## Description of the task
Below are entries. Reproduce exactly the lines between the line holding "MIULEE Decorative Outdoor" and the line holding "Custom Pink Purple", inclusive, and only those.

[Data items]

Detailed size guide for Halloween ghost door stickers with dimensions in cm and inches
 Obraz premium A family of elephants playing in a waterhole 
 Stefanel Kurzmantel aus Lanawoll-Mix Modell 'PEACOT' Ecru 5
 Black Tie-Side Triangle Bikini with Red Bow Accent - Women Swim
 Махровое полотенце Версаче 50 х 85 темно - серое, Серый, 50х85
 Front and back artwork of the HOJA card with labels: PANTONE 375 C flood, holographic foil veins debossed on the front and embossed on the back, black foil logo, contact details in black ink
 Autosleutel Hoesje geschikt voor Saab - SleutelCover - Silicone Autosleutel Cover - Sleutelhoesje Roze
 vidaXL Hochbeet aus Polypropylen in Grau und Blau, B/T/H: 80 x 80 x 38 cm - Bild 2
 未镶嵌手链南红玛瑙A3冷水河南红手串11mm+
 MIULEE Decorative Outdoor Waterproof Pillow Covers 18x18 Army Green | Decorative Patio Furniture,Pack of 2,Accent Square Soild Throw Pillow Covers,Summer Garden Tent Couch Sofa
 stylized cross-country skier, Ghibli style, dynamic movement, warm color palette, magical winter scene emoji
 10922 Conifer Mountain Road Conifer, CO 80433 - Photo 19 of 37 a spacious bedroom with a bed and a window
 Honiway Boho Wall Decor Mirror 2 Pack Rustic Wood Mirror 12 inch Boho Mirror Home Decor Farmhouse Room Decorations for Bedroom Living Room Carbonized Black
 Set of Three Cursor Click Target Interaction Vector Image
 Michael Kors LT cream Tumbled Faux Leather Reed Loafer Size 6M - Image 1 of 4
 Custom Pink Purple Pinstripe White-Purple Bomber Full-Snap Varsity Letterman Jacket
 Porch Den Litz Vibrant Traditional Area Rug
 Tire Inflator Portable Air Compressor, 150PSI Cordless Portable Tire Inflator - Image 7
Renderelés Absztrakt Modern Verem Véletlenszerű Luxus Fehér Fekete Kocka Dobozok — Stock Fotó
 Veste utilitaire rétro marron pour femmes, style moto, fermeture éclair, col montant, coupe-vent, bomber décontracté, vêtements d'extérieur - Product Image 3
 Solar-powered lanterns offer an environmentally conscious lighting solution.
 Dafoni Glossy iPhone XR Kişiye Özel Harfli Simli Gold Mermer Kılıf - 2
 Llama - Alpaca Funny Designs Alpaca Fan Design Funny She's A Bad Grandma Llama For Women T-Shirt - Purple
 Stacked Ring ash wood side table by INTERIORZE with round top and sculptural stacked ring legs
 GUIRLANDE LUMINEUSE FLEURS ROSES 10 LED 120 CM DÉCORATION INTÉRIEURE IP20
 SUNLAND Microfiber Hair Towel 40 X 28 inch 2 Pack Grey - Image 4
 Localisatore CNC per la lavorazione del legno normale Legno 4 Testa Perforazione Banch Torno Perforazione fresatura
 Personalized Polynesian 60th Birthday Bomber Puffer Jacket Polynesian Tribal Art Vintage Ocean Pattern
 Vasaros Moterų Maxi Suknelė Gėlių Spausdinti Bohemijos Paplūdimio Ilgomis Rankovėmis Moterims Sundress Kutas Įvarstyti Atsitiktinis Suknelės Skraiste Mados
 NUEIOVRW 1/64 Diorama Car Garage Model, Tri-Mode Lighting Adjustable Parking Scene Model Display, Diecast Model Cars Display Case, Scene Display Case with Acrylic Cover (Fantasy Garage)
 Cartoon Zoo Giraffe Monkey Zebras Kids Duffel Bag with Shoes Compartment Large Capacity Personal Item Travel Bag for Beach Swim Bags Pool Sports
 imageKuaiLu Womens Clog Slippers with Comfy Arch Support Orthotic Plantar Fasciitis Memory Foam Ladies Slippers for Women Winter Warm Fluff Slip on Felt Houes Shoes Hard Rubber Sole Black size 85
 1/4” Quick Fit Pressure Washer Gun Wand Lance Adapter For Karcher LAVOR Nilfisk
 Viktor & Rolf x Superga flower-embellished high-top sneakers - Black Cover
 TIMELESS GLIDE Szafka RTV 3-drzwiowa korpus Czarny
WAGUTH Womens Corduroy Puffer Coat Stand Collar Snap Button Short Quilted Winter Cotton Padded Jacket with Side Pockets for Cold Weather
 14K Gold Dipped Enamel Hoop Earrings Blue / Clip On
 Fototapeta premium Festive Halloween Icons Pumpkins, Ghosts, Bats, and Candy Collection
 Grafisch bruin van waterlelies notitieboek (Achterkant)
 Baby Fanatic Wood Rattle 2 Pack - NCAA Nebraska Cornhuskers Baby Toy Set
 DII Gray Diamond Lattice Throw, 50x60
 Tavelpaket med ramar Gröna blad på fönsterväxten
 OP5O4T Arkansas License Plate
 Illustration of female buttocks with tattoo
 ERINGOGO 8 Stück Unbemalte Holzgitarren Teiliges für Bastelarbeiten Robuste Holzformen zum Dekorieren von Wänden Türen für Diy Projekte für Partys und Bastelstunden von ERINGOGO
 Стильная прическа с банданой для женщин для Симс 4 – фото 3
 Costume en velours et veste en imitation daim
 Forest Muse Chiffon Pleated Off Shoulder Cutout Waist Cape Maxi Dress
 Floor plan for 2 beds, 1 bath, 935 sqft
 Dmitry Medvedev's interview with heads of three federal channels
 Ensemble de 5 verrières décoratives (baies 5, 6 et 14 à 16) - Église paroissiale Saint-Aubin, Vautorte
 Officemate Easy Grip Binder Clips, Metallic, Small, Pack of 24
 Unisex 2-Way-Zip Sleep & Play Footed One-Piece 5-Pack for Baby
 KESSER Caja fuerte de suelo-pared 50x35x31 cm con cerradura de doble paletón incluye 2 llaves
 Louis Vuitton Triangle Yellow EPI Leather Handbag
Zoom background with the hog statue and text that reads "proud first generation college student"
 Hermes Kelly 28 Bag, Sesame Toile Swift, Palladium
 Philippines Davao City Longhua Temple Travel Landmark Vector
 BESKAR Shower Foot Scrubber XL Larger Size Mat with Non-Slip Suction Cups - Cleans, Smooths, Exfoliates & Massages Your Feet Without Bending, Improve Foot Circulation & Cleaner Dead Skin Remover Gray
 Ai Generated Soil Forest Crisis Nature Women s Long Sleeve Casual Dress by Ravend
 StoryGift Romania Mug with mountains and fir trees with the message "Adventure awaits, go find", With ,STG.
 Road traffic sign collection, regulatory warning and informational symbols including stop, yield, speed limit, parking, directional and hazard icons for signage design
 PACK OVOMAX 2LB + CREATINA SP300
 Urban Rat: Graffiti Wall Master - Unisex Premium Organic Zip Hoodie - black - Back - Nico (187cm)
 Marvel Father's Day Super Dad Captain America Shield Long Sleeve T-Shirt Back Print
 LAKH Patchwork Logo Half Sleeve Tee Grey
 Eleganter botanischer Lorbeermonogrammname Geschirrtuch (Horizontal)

## Task result
 MIULEE Decorative Outdoor Waterproof Pillow Covers 18x18 Army Green | Decorative Patio Furniture,Pack of 2,Accent Square Soild Throw Pillow Covers,Summer Garden Tent Couch Sofa
 stylized cross-country skier, Ghibli style, dynamic movement, warm color palette, magical winter scene emoji
 10922 Conifer Mountain Road Conifer, CO 80433 - Photo 19 of 37 a spacious bedroom with a bed and a window
 Honiway Boho Wall Decor Mirror 2 Pack Rustic Wood Mirror 12 inch Boho Mirror Home Decor Farmhouse Room Decorations for Bedroom Living Room Carbonized Black
 Set of Three Cursor Click Target Interaction Vector Image
 Michael Kors LT cream Tumbled Faux Leather Reed Loafer Size 6M - Image 1 of 4
 Custom Pink Purple Pinstripe White-Purple Bomber Full-Snap Varsity Letterman Jacket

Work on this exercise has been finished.